But then you want to use the same stack across providers and all the proprietary technologies (even hidden from you with things like terraform) are suddenly loosing their luster.
What people usually think is “resilience up to a reasonable level of risk and cost”.
Multi-cloud is simply isn’t cost beneficial for 99.9% of problems.
And for a lot of businesses who talk about risk, saying “we followed AWS best practices but AWS went down” is an acceptable answer to the question of liability.
If you are in a position where AWS going down is a reasonable risk, then you’re already in a specialised enough domain to have engineers who understand how to deliver HA across different vendors.
Yes, I'm certainly aware of the other partitions. That's why I said all the public cloud regions outside China.
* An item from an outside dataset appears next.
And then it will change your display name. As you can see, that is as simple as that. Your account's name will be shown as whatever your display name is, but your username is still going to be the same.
Yeah, "govcloud" is technically available to the public, although there are other partitions reserved for government use that are not, and the naming is a big hairy mess. Many service teams don't have any US-citizens-in-the-USA working for them, and they cannot in any way adequately support these regions.
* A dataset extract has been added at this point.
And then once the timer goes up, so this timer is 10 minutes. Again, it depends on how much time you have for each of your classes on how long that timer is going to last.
My on-call experience improved significantly when I moved from the US to Canada, and I got taken off the (extremely thin!) list of engineers eligible to ssh into RDS instances in Govcloud. There were so few USA-citizen-in-USA engineers that I had been getting tickets for services and instances in Govcloud about which I had only the very thinnest knowledge… and then I was limited in my ability to consult with others who were actually experts. The customers in Govcloud paid a premium to be there, I got paged for a bunch of tickets which I was ill-prepared to handle, and it was generally a bad experience for everyone.
Working with the airgapped secret/top-secret partitions was even worse. You would get paged incessantly and then someone who was cleared for access but knew almost nothing about the service in question would have to go to a SCIF in the DC area, and you would exchange screenshots and text instructions with a turnaround time of hours or days.
They’re talking about the backbone and what goes on behind the scenes. There have been issues with services in other regions when us-east-1 has issues.
Folks built in other regions believing they were fully isolated only to discover later during an outage that they were not.
It's basically what leads to extended downtime almost every time. There are just some things in the stack that are still single points of failure, and when they fail it's a mess.
Sometimes the circular dependencies get almost cartoonishly silly.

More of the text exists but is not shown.